Bittrex’s bankruptcy filings are filled with tens of thousands of contradictory, suspicious, and improbable transactions — a pattern that could affect nearly two million customers who held digital assets on the exchange before its 2023 collapse.
A regulatory compliance researcher’s review of court documents, along with Bittrex’s hot and cold wallet data, found over $500 million in allegedly fabricated transactions spread across multiple filings. These anomalies, the researcher warns, could significantly distort asset distribution to creditors.
Researcher Uncovers $500 Million in Unverified Bittrex Transactions
Financial statements covering the 90 days before Bittrex filed for Chapter 11 in May 2023 include more than $500 million in potentially fabricated transactions, according to researcher Pasha Onur. His analysis identified thousands of micro-transactions below the platform’s minimum withdrawal limit, as well as repeated withdrawals of identical fractional Bitcoin amounts. These inconsistencies, he said, may render customer balances and creditor claims inaccurate.
“Certain patterns in the filed documents immediately raised serious red flags,” Onur said. His review of court records and blockchain data concluded that over $500 million in “fabricated transactions” were filed with the bankruptcy court.
Bittrex, founded in Seattle in 2014, filed for bankruptcy in May 2023, just weeks after the U.S. Securities and Exchange Commission accused it of operating an unregistered securities exchange. The company shut down in December 2023.
Data Anomalies Could Distort Bittrex Creditor Payouts
Onur said the data anomalies could materially affect creditor recovery. If withdrawal transactions were fabricated, he explained, customer balances and creditor claim amounts would be wrong. Because that data also determines the list of the top 20 creditors, a key factor in conflict-of-interest checks and asset distribution, any inaccuracies could have wide-reaching implications.
Bittrex had roughly 1.6 million users at the time of its bankruptcy filing. Yet fewer than 36,000 filed claims. Claims for Bittrex Global closed in April 2025, and payments have yet to be distributed.
At the time of the filing, OFAC was listed as Bittrex’s largest creditor, due to a $24 million unpaid settlement stemming from sanctions violations in 2022.
Thousands of Impractical, Repetitive Transactions Raise Red Flags
Onur’s analysis focused on financial statements from the 90-day window before the bankruptcy, which were submitted in June 2023. During that period, the exchange required a minimum $35 cash withdrawal (including a $25 fee) and crypto withdrawal fees typically ranging from $5 to $20.
Despite those limits, the analysis found over 21,500 small crypto transactions valued far below the withdrawal fees. Onur questioned how such transactions could occur when they were “economically impractical.” Most of these micro-withdrawals appeared on the same day each month.
The filings also listed over 10,000 transactions, purportedly from customers, for the exact same fractional Bitcoin amount, all executed on the same day.
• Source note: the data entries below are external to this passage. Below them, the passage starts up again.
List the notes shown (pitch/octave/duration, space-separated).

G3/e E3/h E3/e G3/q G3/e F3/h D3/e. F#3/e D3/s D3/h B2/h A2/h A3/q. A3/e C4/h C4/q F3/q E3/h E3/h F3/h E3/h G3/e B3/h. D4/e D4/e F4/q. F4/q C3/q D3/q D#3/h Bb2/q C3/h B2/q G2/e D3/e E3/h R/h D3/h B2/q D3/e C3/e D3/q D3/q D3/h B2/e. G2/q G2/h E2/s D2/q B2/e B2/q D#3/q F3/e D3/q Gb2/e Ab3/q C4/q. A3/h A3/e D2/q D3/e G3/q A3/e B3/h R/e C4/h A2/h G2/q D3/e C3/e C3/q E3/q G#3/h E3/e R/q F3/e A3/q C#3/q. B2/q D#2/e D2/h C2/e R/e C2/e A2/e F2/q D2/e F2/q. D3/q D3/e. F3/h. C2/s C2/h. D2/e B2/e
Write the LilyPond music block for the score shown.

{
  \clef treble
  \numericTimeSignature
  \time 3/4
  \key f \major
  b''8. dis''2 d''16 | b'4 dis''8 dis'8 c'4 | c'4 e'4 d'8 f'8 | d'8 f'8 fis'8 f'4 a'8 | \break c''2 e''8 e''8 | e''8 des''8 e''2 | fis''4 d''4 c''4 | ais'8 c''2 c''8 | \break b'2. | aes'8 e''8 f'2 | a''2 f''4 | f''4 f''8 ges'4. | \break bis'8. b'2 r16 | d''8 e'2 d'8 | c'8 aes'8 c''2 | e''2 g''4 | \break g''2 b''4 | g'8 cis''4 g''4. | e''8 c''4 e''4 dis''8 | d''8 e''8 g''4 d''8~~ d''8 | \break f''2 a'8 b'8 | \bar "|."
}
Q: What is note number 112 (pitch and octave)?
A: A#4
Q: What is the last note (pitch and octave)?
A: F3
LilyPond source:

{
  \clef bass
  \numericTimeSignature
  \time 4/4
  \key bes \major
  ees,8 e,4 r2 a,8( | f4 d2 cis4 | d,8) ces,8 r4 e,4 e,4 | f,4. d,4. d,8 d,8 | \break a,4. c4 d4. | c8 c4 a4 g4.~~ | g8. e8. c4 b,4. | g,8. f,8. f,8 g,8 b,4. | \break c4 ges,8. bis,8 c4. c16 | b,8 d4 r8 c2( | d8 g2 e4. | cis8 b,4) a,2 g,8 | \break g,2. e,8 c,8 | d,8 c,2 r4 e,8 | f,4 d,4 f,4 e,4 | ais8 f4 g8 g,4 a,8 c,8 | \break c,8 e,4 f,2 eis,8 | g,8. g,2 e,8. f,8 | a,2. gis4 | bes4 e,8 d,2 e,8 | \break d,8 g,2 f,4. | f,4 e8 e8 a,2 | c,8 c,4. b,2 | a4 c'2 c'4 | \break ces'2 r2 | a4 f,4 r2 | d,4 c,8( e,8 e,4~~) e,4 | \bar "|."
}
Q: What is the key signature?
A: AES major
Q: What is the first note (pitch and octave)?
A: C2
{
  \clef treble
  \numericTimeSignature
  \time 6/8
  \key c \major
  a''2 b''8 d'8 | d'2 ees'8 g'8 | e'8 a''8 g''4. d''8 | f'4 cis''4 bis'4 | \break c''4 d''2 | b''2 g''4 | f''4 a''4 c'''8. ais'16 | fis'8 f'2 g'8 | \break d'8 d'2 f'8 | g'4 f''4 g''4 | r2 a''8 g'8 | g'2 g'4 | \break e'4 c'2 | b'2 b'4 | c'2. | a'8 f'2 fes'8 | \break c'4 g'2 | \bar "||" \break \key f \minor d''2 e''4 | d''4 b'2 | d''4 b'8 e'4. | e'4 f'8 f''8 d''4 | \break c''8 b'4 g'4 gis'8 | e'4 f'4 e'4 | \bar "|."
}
Given Bitcoin’s precision to eight decimal places, Onur said it would be highly improbable for thousands of customers to withdraw identical amounts simultaneously.
Transaction logs further showed more than 200 transfers involving an asset labeled LMC. According to DL News, LMC refers to LoMoCoin, a blockchain network that stopped processing transactions in 2021. Yet the filings listed transactions in that asset two years after its network had gone inactive.
Bittrex’s Troubled Compliance Record Offers Clues
Bittrex had a long history of compliance issues. In 2019, the New York State Department of Financial Services denied its license application, citing deficiencies in anti–money laundering and OFAC compliance programs.
In 2022, Bittrex was fined $53 million for sanctions violations and for processing 263 million illegal transactions between 2014 and 2017. The exchange later settled with the SEC in 2023, agreeing to pay $24 million to resolve charges that it operated an unregistered exchange, broker, and clearing agency. Bittrex did not admit wrongdoing as part of the settlement.
Chain Street’s Take
Bittrex’s filings highlight how messy crypto bankruptcies can get when shaky compliance meets a high-stakes regulatory crackdown. Even if some transactions turn out to be reporting errors rather than fraud, the scale of anomalies underscores the risks of relying on opaque records for creditor recovery. For nearly 2 million former users, the numbers on paper may not match the reality in wallets.